Brother Jon, meanwhile, is a professor living in some sort of academic atmosphere in Buffalo. His house is a mess and his girlfriend has to leave the country for visa reasons -- and Jon won't marry her. Like his sister Wendy, Jon is leading a life quite different than the one he likely imagined for himself.
Together, Jon and Wendy go through the brutal process of getting their father into a care facility. They watch him deteriorate. They get to know the people who work at the nursing home, and they get to know each other better. They fight, they connect, they rewrite their own histories.

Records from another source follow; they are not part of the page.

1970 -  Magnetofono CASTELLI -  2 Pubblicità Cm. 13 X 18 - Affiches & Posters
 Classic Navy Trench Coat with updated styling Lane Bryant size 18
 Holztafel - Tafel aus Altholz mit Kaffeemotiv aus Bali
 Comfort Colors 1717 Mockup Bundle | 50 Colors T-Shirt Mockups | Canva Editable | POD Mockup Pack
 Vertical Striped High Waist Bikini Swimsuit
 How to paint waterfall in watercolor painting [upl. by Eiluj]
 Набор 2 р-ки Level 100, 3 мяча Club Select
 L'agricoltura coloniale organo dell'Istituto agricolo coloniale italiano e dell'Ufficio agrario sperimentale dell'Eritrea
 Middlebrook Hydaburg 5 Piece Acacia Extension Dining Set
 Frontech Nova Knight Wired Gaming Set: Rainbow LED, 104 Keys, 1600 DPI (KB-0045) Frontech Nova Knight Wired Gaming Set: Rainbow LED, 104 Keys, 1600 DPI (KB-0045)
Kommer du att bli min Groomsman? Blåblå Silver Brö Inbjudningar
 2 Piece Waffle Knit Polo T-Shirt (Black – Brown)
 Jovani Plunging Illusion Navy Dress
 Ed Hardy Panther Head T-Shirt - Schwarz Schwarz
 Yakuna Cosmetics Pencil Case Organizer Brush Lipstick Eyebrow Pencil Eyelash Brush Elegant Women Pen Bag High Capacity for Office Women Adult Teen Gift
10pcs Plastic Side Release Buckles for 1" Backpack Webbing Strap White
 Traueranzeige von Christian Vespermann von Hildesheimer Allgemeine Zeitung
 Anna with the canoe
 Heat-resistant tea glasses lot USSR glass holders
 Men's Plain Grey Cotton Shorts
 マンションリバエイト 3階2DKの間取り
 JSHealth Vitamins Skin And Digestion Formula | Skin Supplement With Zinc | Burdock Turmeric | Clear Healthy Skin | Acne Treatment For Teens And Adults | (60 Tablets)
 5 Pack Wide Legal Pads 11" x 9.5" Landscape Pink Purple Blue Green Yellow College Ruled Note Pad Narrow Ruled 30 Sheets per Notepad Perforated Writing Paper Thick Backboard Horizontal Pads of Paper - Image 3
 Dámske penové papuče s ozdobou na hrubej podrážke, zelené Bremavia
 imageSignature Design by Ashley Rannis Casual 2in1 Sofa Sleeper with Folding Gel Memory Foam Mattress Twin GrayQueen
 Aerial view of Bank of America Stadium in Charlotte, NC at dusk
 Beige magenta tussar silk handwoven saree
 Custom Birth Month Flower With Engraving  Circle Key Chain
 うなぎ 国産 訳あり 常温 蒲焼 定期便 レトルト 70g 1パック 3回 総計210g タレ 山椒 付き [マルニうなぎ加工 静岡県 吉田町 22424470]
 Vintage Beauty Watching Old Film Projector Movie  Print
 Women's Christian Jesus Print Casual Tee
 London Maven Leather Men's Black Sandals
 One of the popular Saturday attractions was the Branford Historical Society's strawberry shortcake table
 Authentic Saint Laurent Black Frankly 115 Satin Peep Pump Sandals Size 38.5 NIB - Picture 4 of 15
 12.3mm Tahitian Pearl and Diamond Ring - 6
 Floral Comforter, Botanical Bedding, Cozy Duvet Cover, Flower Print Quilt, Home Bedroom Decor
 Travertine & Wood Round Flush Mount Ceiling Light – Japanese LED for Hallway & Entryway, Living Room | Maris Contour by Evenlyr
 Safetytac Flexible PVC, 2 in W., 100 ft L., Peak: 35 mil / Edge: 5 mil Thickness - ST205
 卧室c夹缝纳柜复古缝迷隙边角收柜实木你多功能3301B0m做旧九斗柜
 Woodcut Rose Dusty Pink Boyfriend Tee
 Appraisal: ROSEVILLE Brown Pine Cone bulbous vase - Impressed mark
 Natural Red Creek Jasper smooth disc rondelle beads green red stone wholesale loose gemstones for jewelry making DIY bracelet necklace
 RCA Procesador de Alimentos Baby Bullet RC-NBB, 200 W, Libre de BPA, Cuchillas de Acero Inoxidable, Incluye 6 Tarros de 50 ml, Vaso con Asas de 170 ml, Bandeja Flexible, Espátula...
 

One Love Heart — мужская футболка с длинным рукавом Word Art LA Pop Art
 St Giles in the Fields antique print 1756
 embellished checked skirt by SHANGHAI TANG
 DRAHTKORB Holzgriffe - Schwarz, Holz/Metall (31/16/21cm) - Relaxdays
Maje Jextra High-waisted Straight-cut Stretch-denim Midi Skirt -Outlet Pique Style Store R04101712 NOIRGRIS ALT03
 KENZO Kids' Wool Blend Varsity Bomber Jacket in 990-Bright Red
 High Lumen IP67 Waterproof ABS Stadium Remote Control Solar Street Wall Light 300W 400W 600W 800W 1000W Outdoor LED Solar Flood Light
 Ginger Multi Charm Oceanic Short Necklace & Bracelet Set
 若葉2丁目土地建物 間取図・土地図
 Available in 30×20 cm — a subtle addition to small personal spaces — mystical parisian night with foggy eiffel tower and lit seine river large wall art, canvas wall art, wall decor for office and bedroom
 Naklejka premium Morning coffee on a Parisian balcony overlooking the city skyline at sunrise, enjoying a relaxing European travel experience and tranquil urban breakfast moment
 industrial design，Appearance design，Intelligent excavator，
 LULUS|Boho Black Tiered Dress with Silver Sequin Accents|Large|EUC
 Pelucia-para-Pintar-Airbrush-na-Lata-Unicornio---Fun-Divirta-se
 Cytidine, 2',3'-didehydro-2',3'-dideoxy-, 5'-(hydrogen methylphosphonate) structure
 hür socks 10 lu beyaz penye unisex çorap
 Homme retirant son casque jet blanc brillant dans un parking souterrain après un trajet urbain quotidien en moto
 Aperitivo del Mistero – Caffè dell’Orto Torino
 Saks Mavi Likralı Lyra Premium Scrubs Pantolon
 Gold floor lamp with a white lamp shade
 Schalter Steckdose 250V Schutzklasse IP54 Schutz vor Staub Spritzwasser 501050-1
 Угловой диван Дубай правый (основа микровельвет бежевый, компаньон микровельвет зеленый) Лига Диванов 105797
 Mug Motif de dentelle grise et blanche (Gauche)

The Savages unfolds in a blend of humour and pathos, and the sibling scenes between Hoffman and Linney are generally inspired. None of the characters in the story is particularly attractive, which is a pleasant change, and the film has its fair share of brilliant moments. Overall, however, the storytelling is never fully engaging.
That may be because Hoffman and Linney seem to be engaged in a type of Pillsbury Act-Off, a thespian competition to see which of them can be more low affect and indie-underplayed. You can see how hard they're trying to seem as if they're not trying hard.
In the end, we were bored. In the end, it all seemed pretty trite. The Savages was first shown here during the Toronto film festival -- where movie fatigue is always a possibility -- and it seemed to be a real crowd pleaser. We weren't part of that crowd.